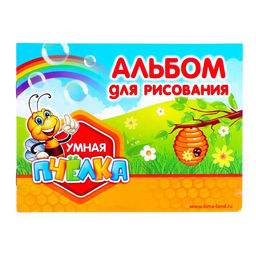 Проектор-лампа для рисования Принцесса, 3 в 1, 36 картинок, альбом, 12 фломастеров - Zabiaka фото 6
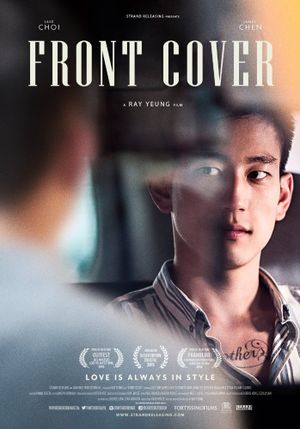Front Cover's poster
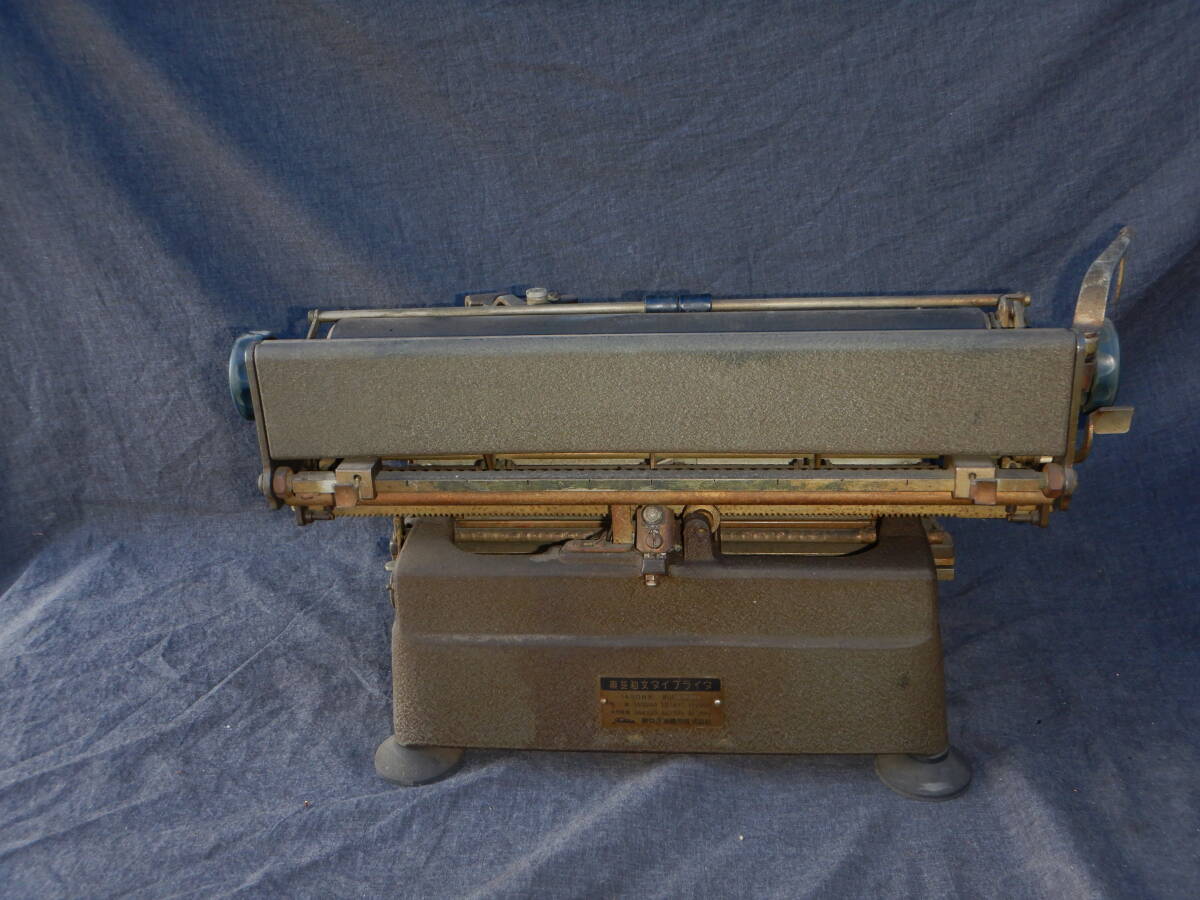アンティーク マツダ和文タイプライター 1400型 1950年代 ビンテージ 東芝・マツダ製 ディスプレイ 昭和レトロ カバー付き タイプライター_画像6
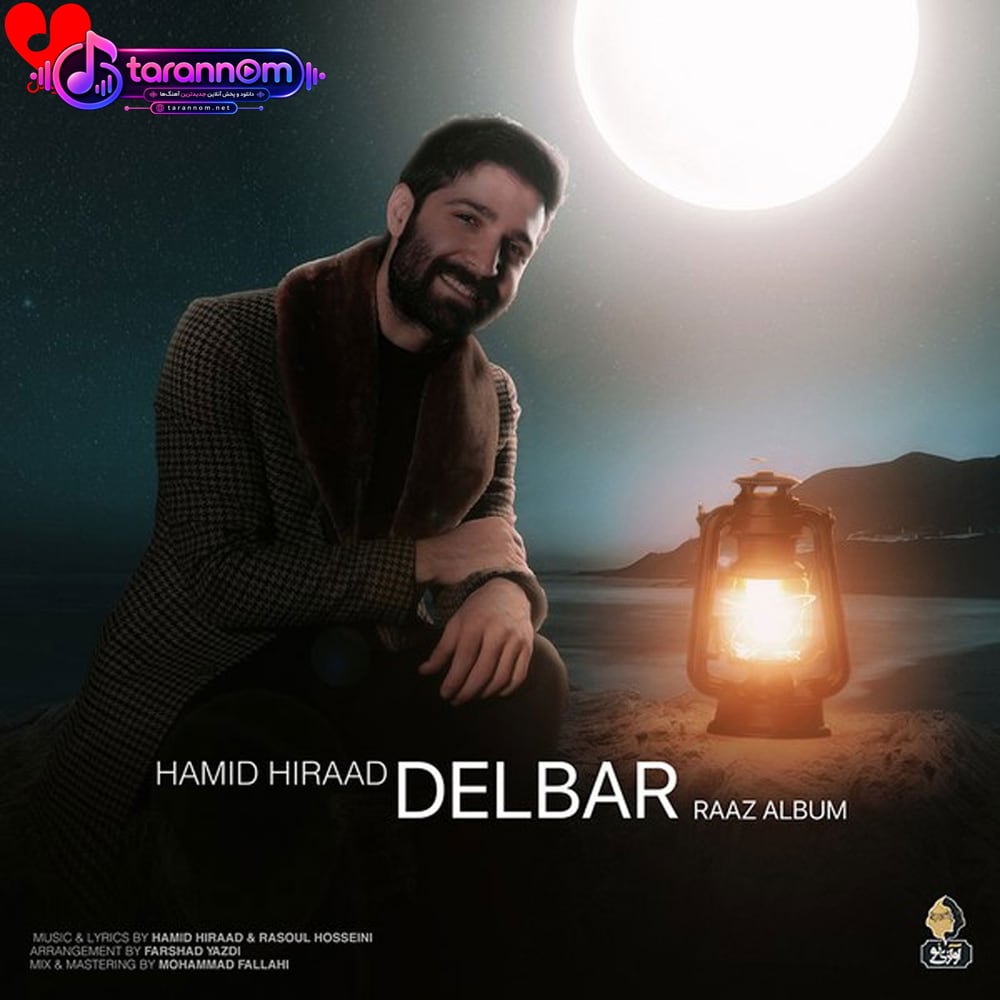 دلبر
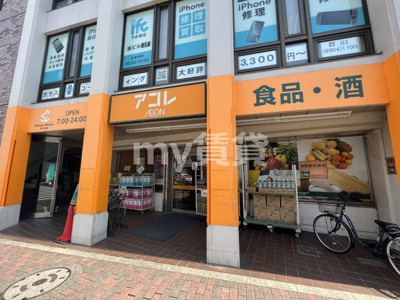 【周辺】 | ディアコート赤塚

## TASK
Copy the records above exactly. The pictures are not part of the copy.

## SOLVED EXERCISE
 Проектор-лампа для рисования Принцесса, 3 в 1, 36 картинок, альбом, 12 фломастеров - Zabiaka фото 6
Front Cover's poster
アンティーク マツダ和文タイプライター 1400型 1950年代 ビンテージ 東芝・マツダ製 ディスプレイ 昭和レトロ カバー付き タイプライター_画像6
 دلبر
 【周辺】 | ディアコート赤塚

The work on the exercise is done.